> **Activity**
Pictures stay out of the output. Return exactly the lines below from the one with "Siswa SMAN 3" down to the one with "فندق مبيت وإفطار Le Relais D'angely 3*", both included, and nothing more.

> **Supplied data**
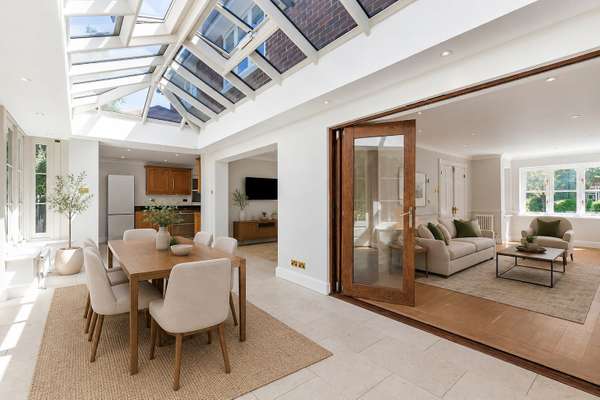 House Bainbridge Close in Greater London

--

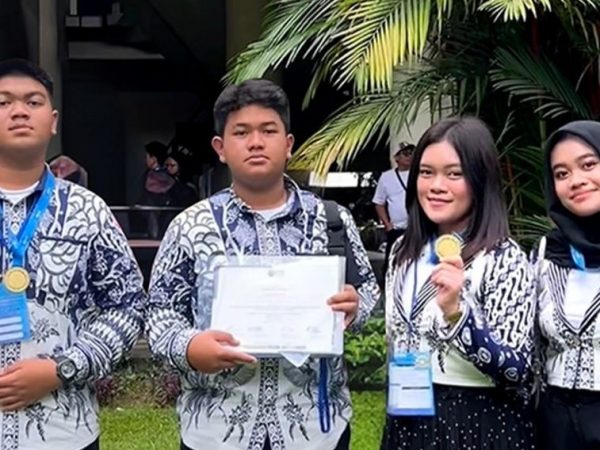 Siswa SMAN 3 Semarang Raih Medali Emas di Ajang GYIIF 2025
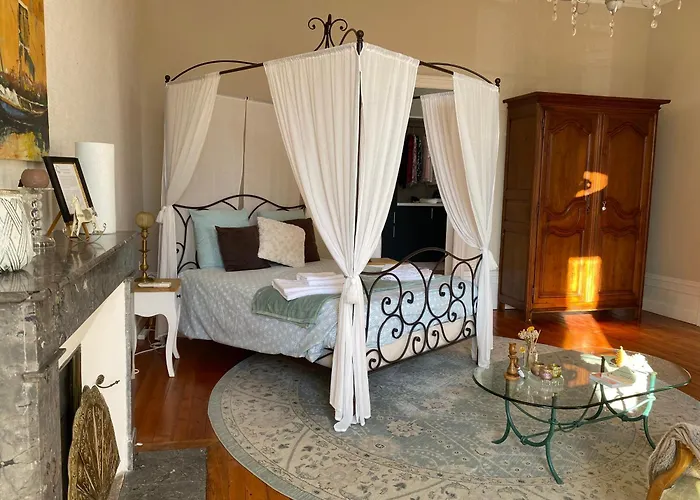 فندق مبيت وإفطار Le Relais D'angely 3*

> **Task solution**
 Siswa SMAN 3 Semarang Raih Medali Emas di Ajang GYIIF 2025
 فندق مبيت وإفطار Le Relais D'angely 3*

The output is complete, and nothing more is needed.